Work order:
Your answer must be the exact lines of the listing below that run from the line with "When our helpdesk" to the line with "As far as the", ends included, and no pictures.

╭─ Data extracts

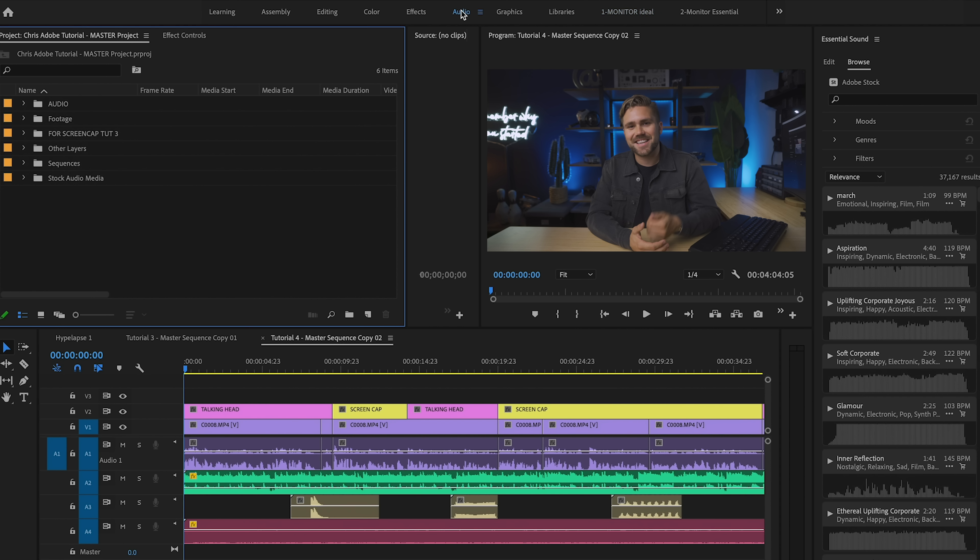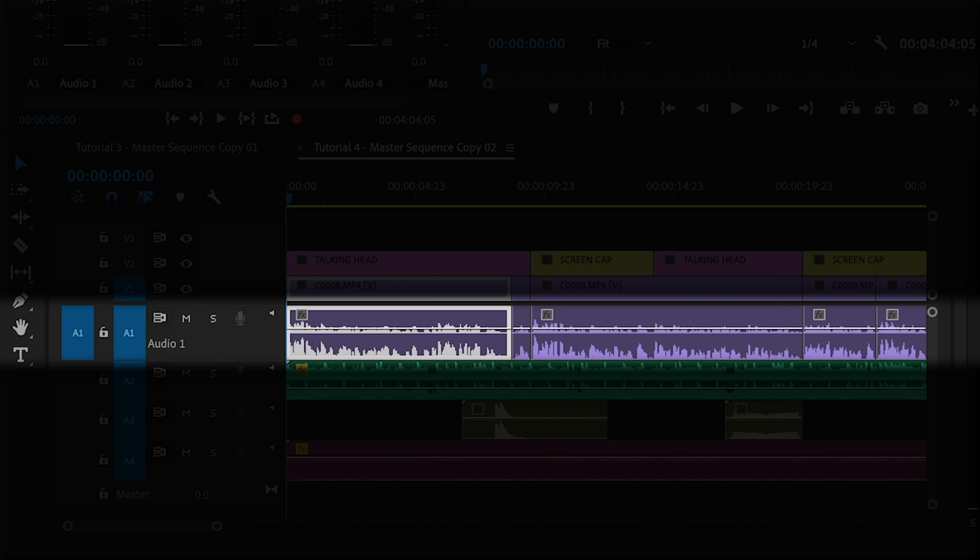All right, so let's open up our project here in Premiere Pro and let's go to the top and click audio. Now this is a designated workspace for post audio production. It makes it more efficient and easier to find things. Make sure your audio track is selected and you hit edit.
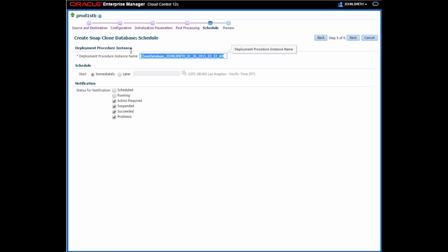On the schedule step, I can provide a different name for the instance of the deployment procedure if I want, schedule the procedure to run now, which is the default or later, and choose notification statuses that I can be informed about. I'm going to call the DP instance thinprod5 so I can identify it and leave the rest as is and move on to the next step.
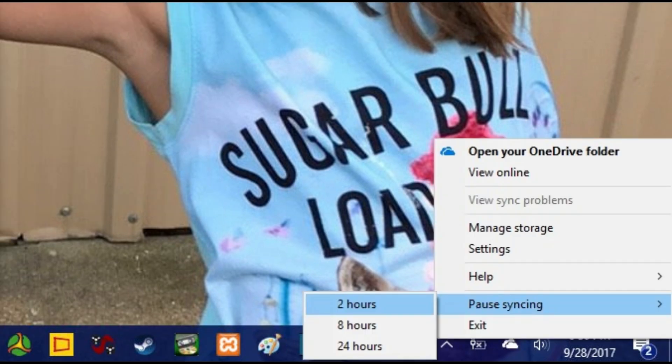Step 2: Right-click the OneDrive cloud icon to open a context menu. Step 3: Click to select Pause Syncing in the lower part of the context menu. Another menu flies out from that with options for 2 hours, 8 hours, and 24 hours.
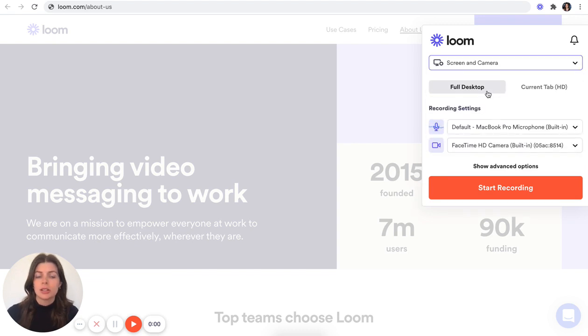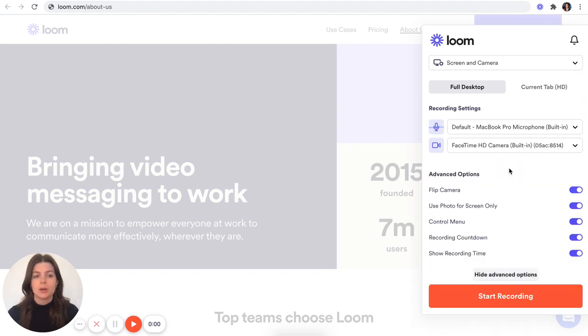You can choose to share your full desktop or just your current tab, and you can also change your microphone and camera. If you click on show advanced options, you'll see a few other settings that you can toggle on and off.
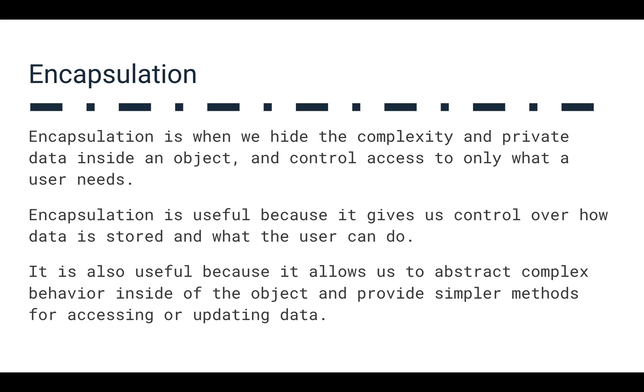So it allows us to abstract these complex behaviors inside of the object and provide these simpler methods for accessing, which is really useful because the user often doesn't want to be burdened with the details of how every single operation happens. That's why we have functions and objects because they allow us to have a label or some kind of stand-in for some behavior instead of having to write that behavior out over and over again.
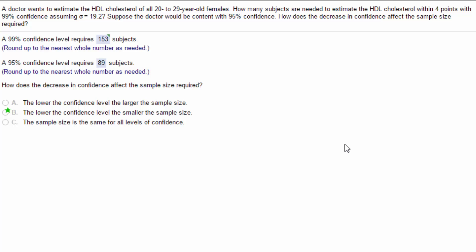This is a problem in which we need to determine the minimum sample size for a given confidence level. We're given that we have a sample of HDL cholesterol for 20 to 29 year old females. We want to know how many subjects are needed to estimate the HDL cholesterol within four points with a confidence of 99% assuming sigma equals 19.2.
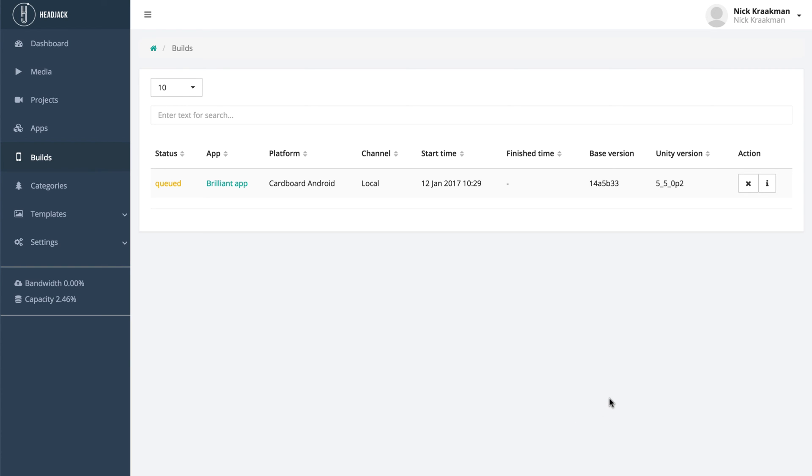So we'll have to wait a couple minutes for it to start building. And then once your app has finished building, your download link will show up in your inbox, as well as on this page.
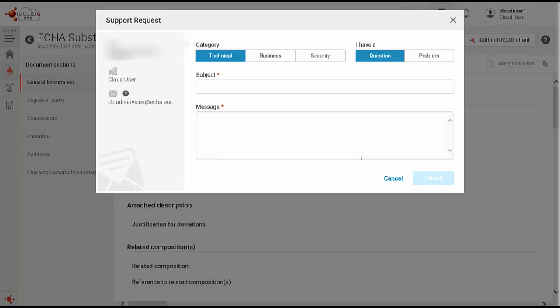When our helpdesk receives your request, you will receive an email with a ticket number. For any further communication with ECHA on this topic, remember to always include the ticket number for reference.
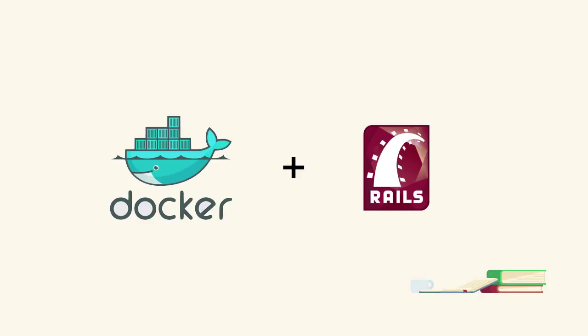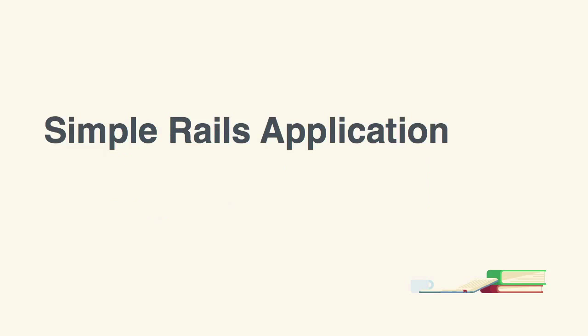As far as the Rails application goes, we're going to build a very simple one. We're going to include a couple of models and a standard set of migrations that will serve as a proof of concept to connect to a database.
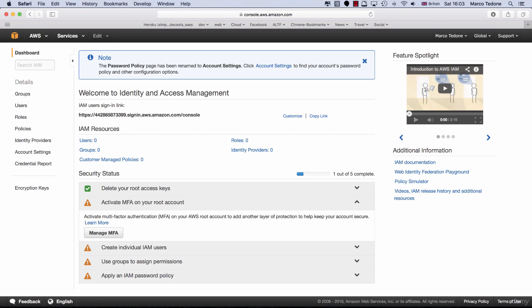MFA stands for multi-factor authentication and it represents an additional security layer to protect your account from untrusted access. The way it works is as follows. If you activate MFA, when you login to the AWS Console, Amazon will ask you to enter an auto-generated numeric code in addition to your password. This can either be generated from your phone via a dedicated app or through a hardware token provider. This option is generally used in large organizations.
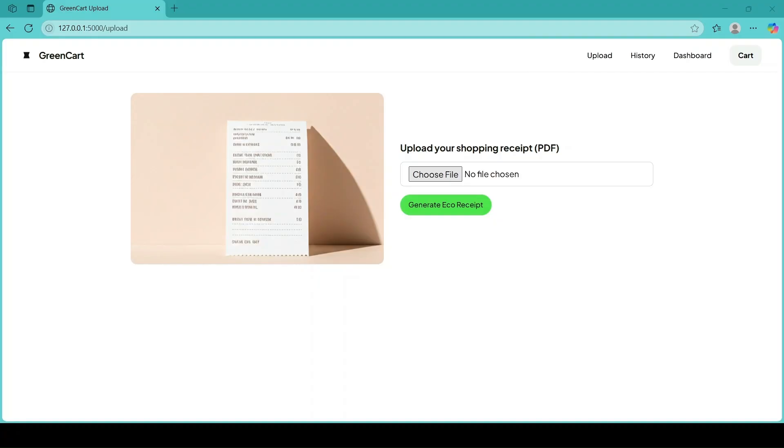Green Card reads it, identifies items, and assigns eco-scores using AI.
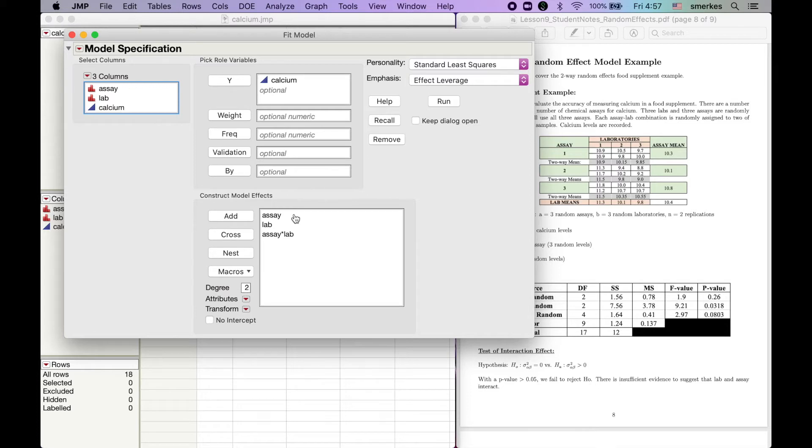Now we are also in a random effect. So if I hit run right now, this would treat it as everything is fixed effect like we talked about in lesson 7.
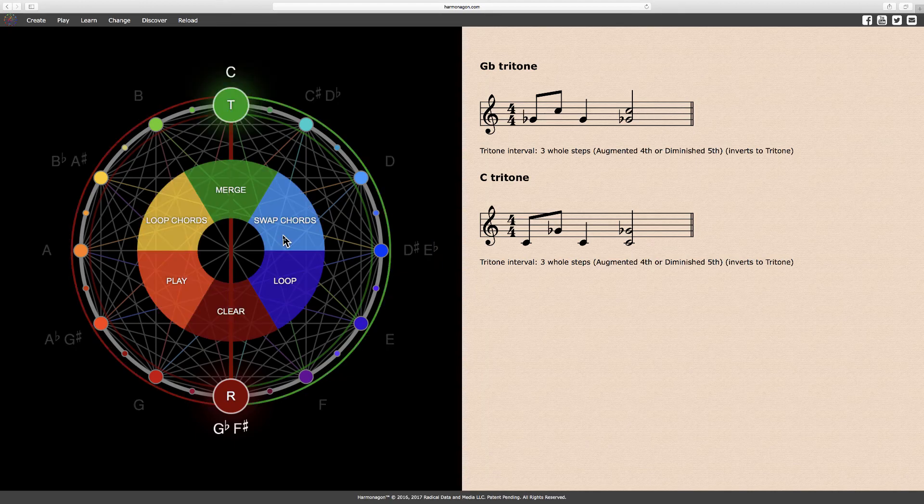I recommend that you use the Harmonagon to practice and memorize each interval and its inversion. Until next time, have a great day.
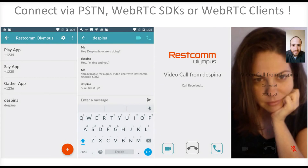We also provide you with WebRTC clients and SDKs so that you can actually connect to your applications, and we will also provide you with PSTN termination so that you can send SMS or make voice calls to a number that you can purchase via Rescom.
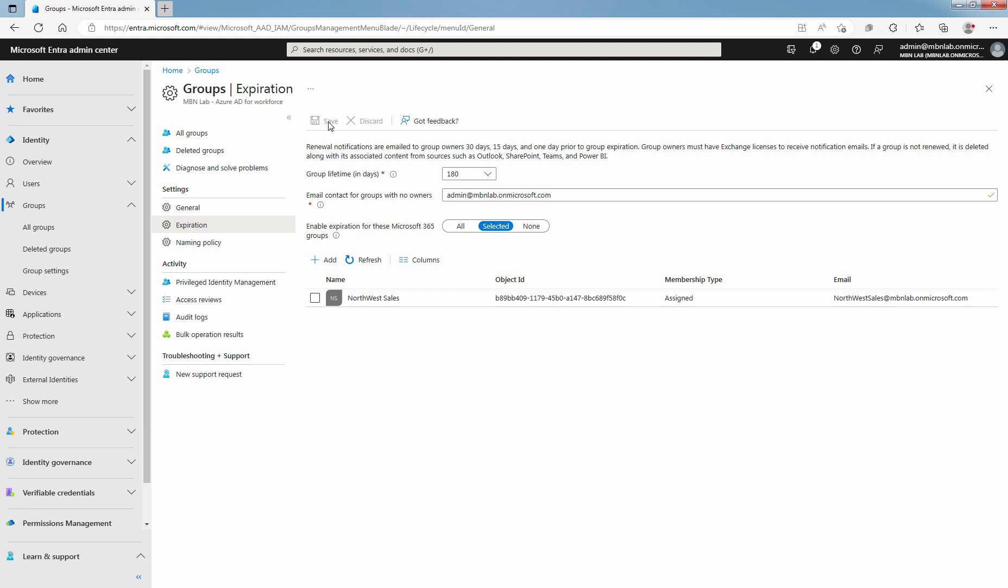An email notification is sent to the Microsoft 365 Group owners informing them about the expiration and subsequent deletion of the Microsoft 365 Group. Once the Microsoft 365 Group is deleted, you will still have a 30-day window to restore a deleted group by using the deleted groups page.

╰─

Problem solution:
When our helpdesk receives your request, you will receive an email with a ticket number. For any further communication with ECHA on this topic, remember to always include the ticket number for reference.
As far as the Rails application goes, we're going to build a very simple one. We're going to include a couple of models and a standard set of migrations that will serve as a proof of concept to connect to a database.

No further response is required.